| Task directions |
Output every line of the entries from the line containing "第501话 万灵武堂 第17页" through the last, exactly, with no other content.

Dataset records

##########

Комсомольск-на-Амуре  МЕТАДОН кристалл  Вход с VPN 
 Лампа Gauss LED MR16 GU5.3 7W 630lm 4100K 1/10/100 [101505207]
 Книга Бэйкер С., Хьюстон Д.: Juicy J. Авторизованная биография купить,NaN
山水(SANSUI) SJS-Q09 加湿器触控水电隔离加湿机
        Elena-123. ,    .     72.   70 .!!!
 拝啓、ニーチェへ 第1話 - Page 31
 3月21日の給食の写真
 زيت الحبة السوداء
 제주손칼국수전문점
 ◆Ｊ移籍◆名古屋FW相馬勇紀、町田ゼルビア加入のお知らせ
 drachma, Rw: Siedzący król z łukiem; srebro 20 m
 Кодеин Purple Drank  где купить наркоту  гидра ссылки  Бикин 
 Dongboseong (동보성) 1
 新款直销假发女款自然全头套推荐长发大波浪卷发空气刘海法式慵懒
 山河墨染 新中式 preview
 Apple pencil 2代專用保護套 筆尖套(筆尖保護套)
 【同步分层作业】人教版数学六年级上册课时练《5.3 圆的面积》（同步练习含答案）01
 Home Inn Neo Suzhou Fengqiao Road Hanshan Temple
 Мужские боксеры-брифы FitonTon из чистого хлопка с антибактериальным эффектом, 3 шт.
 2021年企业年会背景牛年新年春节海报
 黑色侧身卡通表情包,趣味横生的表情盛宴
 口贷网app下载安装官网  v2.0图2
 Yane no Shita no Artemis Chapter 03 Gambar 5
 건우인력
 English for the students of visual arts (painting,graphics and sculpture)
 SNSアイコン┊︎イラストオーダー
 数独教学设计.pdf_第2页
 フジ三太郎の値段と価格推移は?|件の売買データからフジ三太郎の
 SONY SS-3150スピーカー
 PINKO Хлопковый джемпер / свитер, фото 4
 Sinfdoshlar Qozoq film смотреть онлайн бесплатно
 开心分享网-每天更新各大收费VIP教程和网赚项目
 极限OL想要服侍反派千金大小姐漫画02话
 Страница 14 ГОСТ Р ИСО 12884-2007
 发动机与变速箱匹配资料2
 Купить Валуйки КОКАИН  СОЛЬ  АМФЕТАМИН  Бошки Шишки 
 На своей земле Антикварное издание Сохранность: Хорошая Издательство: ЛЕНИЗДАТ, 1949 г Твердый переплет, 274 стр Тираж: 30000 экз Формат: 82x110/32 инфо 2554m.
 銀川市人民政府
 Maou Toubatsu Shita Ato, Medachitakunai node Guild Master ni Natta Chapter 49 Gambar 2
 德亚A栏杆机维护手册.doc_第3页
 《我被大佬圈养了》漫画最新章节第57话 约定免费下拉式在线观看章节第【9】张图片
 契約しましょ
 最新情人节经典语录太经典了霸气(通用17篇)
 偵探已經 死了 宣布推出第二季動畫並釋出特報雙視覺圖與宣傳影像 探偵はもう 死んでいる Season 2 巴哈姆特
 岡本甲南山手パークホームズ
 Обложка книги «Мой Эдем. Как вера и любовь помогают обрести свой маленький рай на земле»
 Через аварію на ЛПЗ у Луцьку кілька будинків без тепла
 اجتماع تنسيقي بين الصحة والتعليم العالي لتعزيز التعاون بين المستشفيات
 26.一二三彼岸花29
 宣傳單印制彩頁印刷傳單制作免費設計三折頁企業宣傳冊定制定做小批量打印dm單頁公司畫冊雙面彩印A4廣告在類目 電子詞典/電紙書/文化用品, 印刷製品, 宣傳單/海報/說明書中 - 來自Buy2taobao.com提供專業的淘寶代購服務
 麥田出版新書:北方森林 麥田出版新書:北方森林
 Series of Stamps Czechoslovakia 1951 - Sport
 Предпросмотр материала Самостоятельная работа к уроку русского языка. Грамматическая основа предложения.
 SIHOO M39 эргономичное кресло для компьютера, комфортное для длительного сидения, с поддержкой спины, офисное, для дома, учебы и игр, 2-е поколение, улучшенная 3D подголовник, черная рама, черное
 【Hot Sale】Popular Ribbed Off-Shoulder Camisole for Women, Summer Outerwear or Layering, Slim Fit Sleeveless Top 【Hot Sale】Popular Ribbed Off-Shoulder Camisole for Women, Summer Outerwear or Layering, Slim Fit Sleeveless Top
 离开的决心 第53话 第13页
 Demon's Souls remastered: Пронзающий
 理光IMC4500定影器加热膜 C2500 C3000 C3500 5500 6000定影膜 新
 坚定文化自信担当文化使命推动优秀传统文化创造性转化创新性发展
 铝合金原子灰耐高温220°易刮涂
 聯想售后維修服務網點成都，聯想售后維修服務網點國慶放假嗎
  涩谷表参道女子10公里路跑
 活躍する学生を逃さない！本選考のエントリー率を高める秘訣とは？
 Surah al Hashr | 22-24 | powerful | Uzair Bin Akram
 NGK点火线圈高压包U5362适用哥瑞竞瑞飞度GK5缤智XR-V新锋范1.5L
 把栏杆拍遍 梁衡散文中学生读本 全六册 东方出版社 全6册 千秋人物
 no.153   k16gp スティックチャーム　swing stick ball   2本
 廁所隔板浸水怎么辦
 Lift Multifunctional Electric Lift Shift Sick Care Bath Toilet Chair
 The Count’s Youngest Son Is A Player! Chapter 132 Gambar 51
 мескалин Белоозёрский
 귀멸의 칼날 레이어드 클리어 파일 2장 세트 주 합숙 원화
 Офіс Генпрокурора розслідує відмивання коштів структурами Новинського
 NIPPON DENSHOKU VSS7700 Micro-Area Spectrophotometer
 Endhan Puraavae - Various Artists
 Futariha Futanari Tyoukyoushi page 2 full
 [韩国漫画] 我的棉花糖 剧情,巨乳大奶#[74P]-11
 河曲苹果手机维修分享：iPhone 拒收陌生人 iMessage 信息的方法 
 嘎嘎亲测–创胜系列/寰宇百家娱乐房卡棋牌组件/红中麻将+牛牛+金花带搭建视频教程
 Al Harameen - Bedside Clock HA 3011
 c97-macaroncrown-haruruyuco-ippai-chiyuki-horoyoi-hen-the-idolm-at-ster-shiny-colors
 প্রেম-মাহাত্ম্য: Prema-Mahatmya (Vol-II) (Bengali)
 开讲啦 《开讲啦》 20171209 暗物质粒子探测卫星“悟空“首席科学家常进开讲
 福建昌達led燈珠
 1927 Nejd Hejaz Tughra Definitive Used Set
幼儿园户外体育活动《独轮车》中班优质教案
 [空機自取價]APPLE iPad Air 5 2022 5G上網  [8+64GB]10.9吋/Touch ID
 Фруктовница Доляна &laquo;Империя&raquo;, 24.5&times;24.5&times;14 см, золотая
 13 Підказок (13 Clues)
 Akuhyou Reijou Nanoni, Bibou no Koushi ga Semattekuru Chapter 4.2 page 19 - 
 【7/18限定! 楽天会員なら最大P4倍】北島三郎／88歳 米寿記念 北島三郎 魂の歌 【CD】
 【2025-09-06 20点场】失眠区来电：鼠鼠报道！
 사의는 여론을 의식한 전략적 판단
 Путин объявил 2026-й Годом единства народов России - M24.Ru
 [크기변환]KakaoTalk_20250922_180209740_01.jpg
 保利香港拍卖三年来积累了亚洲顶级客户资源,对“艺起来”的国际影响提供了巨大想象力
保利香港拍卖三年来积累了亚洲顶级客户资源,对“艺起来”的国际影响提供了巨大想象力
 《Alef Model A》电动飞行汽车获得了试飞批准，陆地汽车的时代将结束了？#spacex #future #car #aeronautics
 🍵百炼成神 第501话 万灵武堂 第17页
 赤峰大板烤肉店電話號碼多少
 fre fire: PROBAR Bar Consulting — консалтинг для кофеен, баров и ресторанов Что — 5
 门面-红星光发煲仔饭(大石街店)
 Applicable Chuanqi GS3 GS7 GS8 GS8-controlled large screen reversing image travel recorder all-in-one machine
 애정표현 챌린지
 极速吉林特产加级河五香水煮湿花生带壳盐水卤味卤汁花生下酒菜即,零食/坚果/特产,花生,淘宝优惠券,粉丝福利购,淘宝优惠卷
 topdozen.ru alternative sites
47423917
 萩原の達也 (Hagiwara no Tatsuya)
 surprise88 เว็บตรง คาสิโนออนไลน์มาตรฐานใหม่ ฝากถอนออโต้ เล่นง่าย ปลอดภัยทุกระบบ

##########

| Reply |
 🍵百炼成神 第501话 万灵武堂 第17页
 赤峰大板烤肉店電話號碼多少
 fre fire: PROBAR Bar Consulting — консалтинг для кофеен, баров и ресторанов Что — 5
 门面-红星光发煲仔饭(大石街店)
 Applicable Chuanqi GS3 GS7 GS8 GS8-controlled large screen reversing image travel recorder all-in-one machine
 애정표현 챌린지
 极速吉林特产加级河五香水煮湿花生带壳盐水卤味卤汁花生下酒菜即,零食/坚果/特产,花生,淘宝优惠券,粉丝福利购,淘宝优惠卷
 topdozen.ru alternative sites
47423917
 萩原の達也 (Hagiwara no Tatsuya)
 surprise88 เว็บตรง คาสิโนออนไลน์มาตรฐานใหม่ ฝากถอนออโต้ เล่นง่าย ปลอดภัยทุกระบบ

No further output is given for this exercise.